Source: Agner Fog's Instruction tables:
https://www.agner.org/optimize/instruction_tables.pdf

Spill2Reg on ARM

According to ARM’s software optimization guide [8] section 4.3 (page 57),
it is encouraged to spill to vector registers because these instructions
have a lower latency than spills to memory.
Also, given the RISC nature of ARM instructions, there are no folded memory
operands that we have to worry about when applying Spill2Reg.

Caveats

Instruction throughput/latency: Vector insert/extract instructions may
have lower throughput or higher latency than memory load/stores on certain
targets. If this is the case they should be used only when memory resources
are over subscribed.
Double spilling: We must take extra care not to spill the vector
registers that hold the spilled value, because this will only add overhead.
This was also observed in GCC’s implementation [7]. This is a concern when
Spill2Reg is implemented as part of the register allocator’s spiller.
Additional instructions: Stack based spills/reloads can potentially be
folded. This is quite common in x86. For example, given a reload MOV Reg1, [Spill] and an instruction using Reg1, like ADD Reg2, Reg1, this can
be folded into Add Reg2, [Spill], saving one instruction. Spill2Reg can
potentially block this folding, which will add an additional instruction
that reloads the data from the vector before the ADD. This is a concern
when Spill2Reg is implemented as part of the register allocator’s spiller,
because folding of spills/reloads may be taking place later on, after all
spills/reloads have been emitted.
Frequency throttling: Some targets will lower their turbo frequency when
running vector instructions [10]. Throttling is the highest for AVX-512 but
decreases as the vector width decreases, and it seems that there is no
frequency drop for 128-bit instructions.
Profitability models: There may be different trade-offs for different
targets or different generations of the same target. Each target should
implement its own profitability model.

Proposed Design

Spill2Reg can be implemented either as part of the spiller, within the
register allocator, or as a standalone pass after register allocation. Each
design point has its own benefits and shortcomings. The following sections
list some of the most important points for and against each design.

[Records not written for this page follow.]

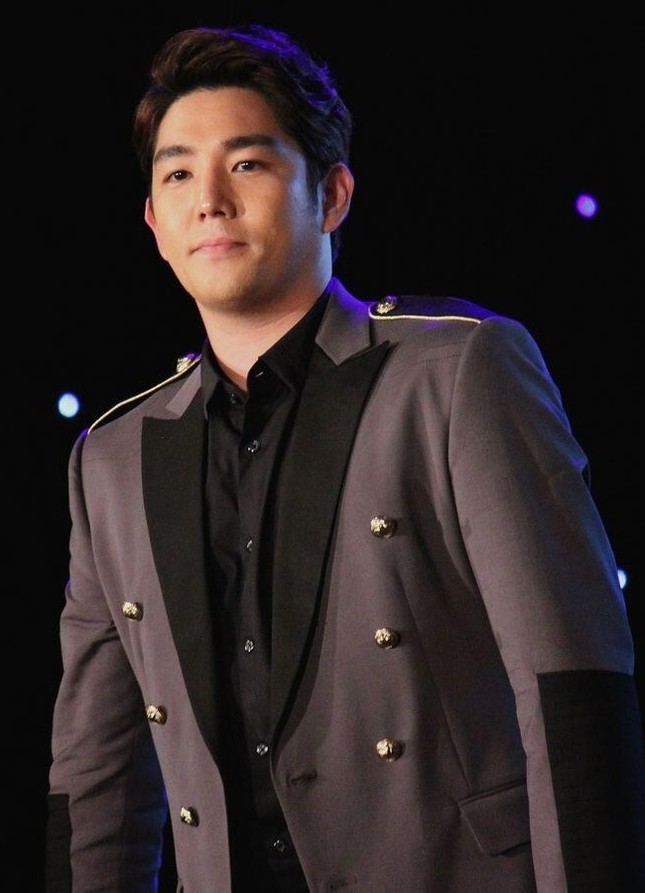 Vì scandal đời tư mà những ngôi sao này đành phải rút khỏi showbiz thời gian dài ảnh 1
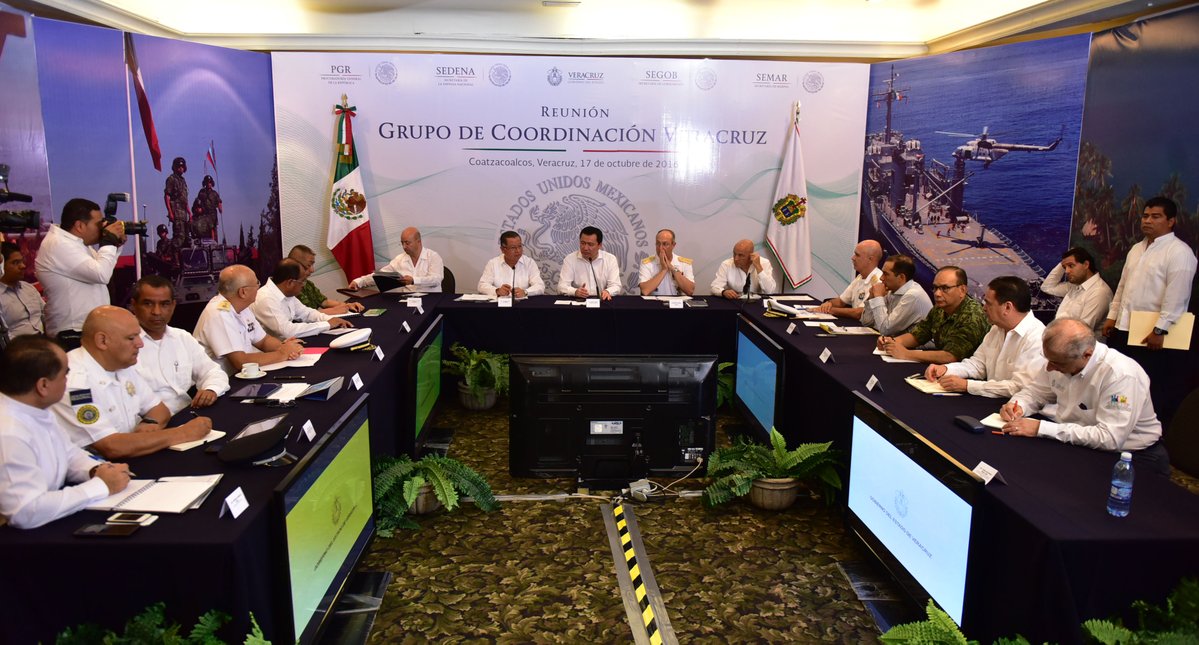 Osorio Chong durante la reunión con el Grupo de Coordinación Veracruz.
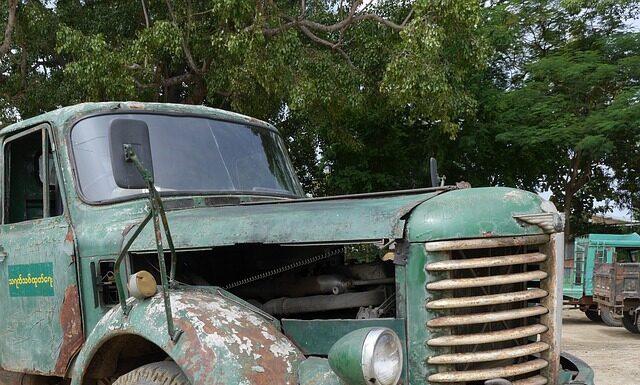 Jak zrobić grzechotkę z rolki? Jak zrobić grzechotkę z rolki?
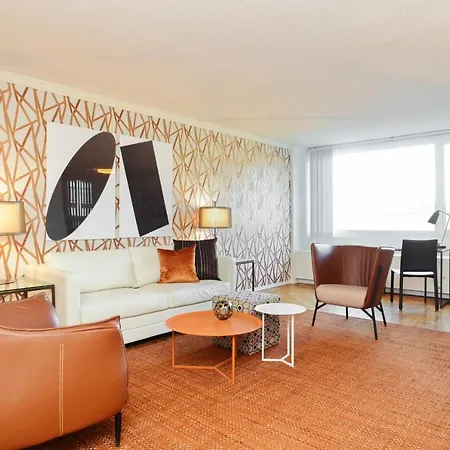 Furnished Quarters At Longfellow *
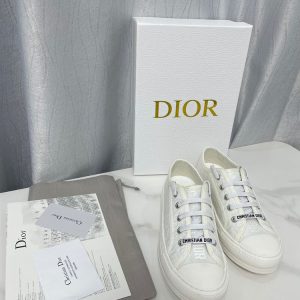 New Collection Dior Shoes 059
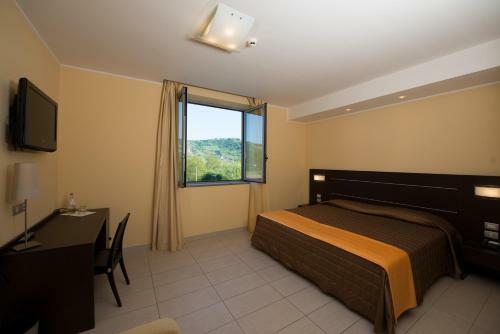 Hotel Letizi�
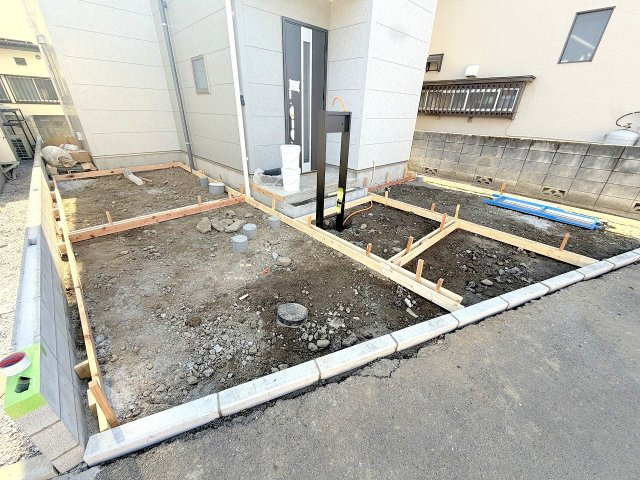 昭島市中神町2丁目  新築戸建の駐車場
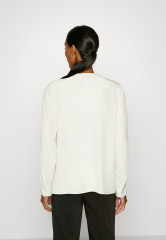 Tommy Hilfiger SOLID V NECK BLOUSE Blouse ecru БЛУЗКА С V-ОБРАЗНЫМ ВЫРЕЗОМ Блузка экрю
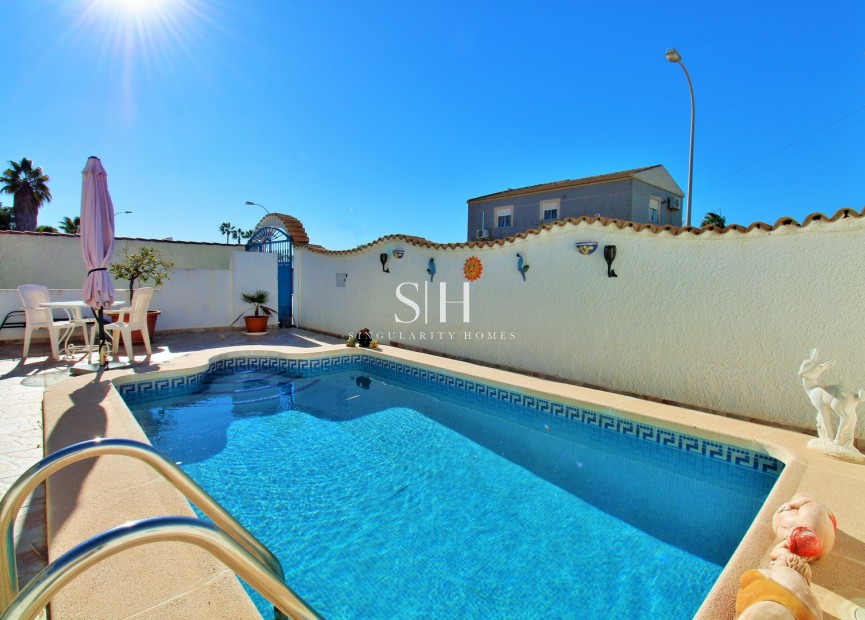 Reventa - Villa - Torrevieja - El Chaparral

The
discussion provides some insights into why we believe Spill2Reg is best
implemented as a separate pass after the register allocator and after
physical registers are introduced.

In the spiller versus as a standalone pass

In the spiller

Pros:
- The spiller is a natural location for the Spill2Reg code.
- All analysis data needed are already computed and readily available.
- The actual logic is quite simple.
Cons:
- The register allocator expects that a Spill/Reload is a store/load. So
  supporting Spill2Reg requires some refactoring.
- Spill/Reload removal optimizations within the register allocator need
  to be updated to handle spills to registers.
- The register allocation pass is already quite complex, and adding
  Spill2Reg can increase complexity even further.
- Folded spills/reloads (see GCC issue [7]): We need to be able to skip
  Spill2Reg if spills/reloads to the stack can be folded. Folding happens
  after the spill code is emitted, so implementing this is not trivial.
- Double-spills must be avoided (see GCC issue [7]): The vector pseudo
  register that holds the spilled value needs to be colored by the register
  allocator itself, and we need to guarantee that it won’t get spilled.

As a standalone pass

Pros:
- Small pass, easy to design and maintain.
- Easier pass testing.
- Straight-forward tracking of performance improvements/regressions,
  without having to worry if changes in Spill2Reg may affect the decisions of
  the register allocator.
Cons:
- May replicate analysis that is already available within the register
  allocator.
- Yet one more compiler pass.

Given the points listed above, and the performance/stability bugs reported
in GCC [2,3,4,5,6,7], I believe that it makes sense to implement Spill2Reg
as a standalone pass. This results in a simpler design, with simpler
testing and easier performance tracking to avoid performance regressions.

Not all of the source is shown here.